====== Supplied material
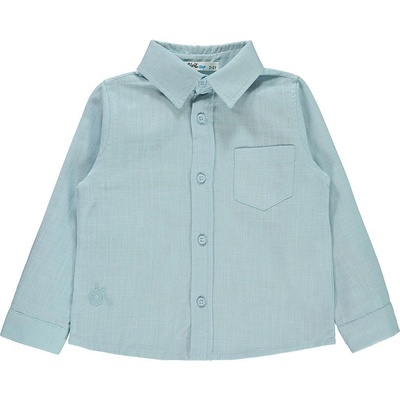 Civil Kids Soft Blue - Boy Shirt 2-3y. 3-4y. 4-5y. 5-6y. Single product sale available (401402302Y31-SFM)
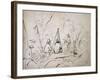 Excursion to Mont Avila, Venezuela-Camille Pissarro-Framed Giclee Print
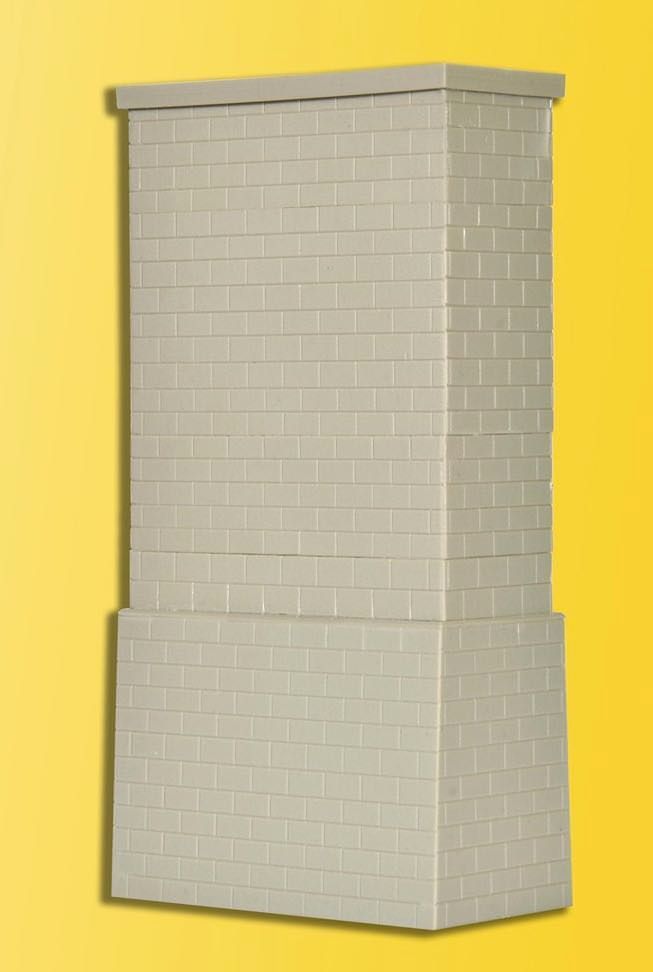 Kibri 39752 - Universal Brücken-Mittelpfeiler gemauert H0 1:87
============
Make an exact copy of the listing above. Do not include the pictures.

◆ Result for this task
 Civil Kids Soft Blue - Boy Shirt 2-3y. 3-4y. 4-5y. 5-6y. Single product sale available (401402302Y31-SFM)
 Excursion to Mont Avila, Venezuela-Camille Pissarro-Framed Giclee Print
 Kibri 39752 - Universal Brücken-Mittelpfeiler gemauert H0 1:87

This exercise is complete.